Agora o ministro estaria lascado, e aquela fala serviria como evidência de que ele estaria trabalhando para o grupo de Carlinhos Cachoeira. Por sorte, ele entendeu duas vezes que o pedido de habeas corpus era descabido.
Entenderam?
Vocês entenderam a natureza da questão? Uma coisa é o que a gangue diz entre si, suas bravatas, suas demonstrações de influência. Outra, distinta, são os fatos. O repórter afirma: “Esta é a segunda vez que pessoas ligadas a Cachoeira aparecem em grampos telefônicos comentando casos que estão nas mãos Mendes.” Incrível!

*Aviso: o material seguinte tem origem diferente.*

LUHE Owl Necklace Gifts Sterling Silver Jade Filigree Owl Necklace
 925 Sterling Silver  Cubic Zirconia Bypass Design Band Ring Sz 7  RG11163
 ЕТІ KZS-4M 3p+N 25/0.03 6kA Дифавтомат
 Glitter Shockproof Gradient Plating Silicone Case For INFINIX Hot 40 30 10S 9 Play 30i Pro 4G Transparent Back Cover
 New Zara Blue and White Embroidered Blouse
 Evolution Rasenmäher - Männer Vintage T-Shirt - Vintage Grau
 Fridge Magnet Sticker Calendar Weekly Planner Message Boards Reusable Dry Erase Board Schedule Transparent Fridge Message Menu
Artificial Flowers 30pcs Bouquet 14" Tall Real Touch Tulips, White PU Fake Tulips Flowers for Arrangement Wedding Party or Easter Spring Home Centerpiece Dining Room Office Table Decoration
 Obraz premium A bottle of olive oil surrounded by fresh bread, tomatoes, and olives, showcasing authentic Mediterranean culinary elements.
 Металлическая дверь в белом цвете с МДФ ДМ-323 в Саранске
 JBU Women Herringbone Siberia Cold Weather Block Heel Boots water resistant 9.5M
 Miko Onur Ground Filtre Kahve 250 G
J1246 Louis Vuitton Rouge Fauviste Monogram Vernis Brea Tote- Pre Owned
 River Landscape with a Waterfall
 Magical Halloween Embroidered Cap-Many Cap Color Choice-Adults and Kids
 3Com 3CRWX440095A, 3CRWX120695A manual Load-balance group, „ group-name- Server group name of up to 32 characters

Mesmo com a evidência de que a decisão do ministro não atendeu às expectativas da turma, mantém-se a sombra da suspeita. Na primeira vez, num caso envolvendo uma estatal de Goiás, Demóstenes faz referência a um procedimento regular de Mendes, que não teve mérito ainda decidido. Revela apenas a sua expectativa. Mesmo assim, o senador apresenta a coisa como decorrência de sua influência.
Ora, ministros do
Supremo, agora, não são mais livres para decidir segundo a lei. Habeas corpus? O
jeito vai ser dizer sempre “não”! Vai que surja uma conversa de alguém: “Ah, já
falei com o ministro X, está tudo certo!” Cada membro do Supremo teria de ter o
seu próprio sistema “Guardião” e grampear o país inteiro. Só assim teriam a
certeza de que sua decisão estaria a salvo de ilações.
O mal que
Demóstenes fez
Um episódio como esse dá conta do mal que Demóstenes fez à política — muito maior do que ele imagina, acho. Ele era um medalhão do Senado. Um senador manter conversar com ministros do Supremo, do STJ, ministros de estado, autoridades etc. é parte do jogo. Quem lhe recusaria, em princípio, uma audiência? Que diabos, no entanto, ele dizia a seus interlocutores sobre esses encontros? Num outro pleito seu, já nem me lembro sobre qual assunto, não diz ele que mantinha boa conversa com a ministra do Meio Ambiente? Não se relacionou, também, com autoridades dos ministérios da Educação e da Saúde?
Este caso em que o
nome de Mendes é citado deveria servir de alerta para os jornalistas que lidam
com o material que foi vazado sobre o inquérito — a propósito: suponho que os
vazadores sejam as carmelitas descalças, né? O ministro poderia ter concedido o
habeas corpus de boníssima-fé. E estaria agora encalacrado.
Não estão por aí os
criminosos da Internet a sustentar que as fitas que traziam imagens do “governo
paralelo” de Dirceu — fitas do circuito interno do hotel, reitere-se — foram
passadas à VEJA por Cachoeira em troca de uma reportagem favorável a bingos
eletrônicos? Cadê a reportagem? Se alguém a encontrar, nunca mais escrevo uma
linha!
É bom botar essa
bola no chão. Jornalistas decentes só querem a verdade. E têm de ter claro que
há vigaristas querendo apenas as instituições — para
destruí-las.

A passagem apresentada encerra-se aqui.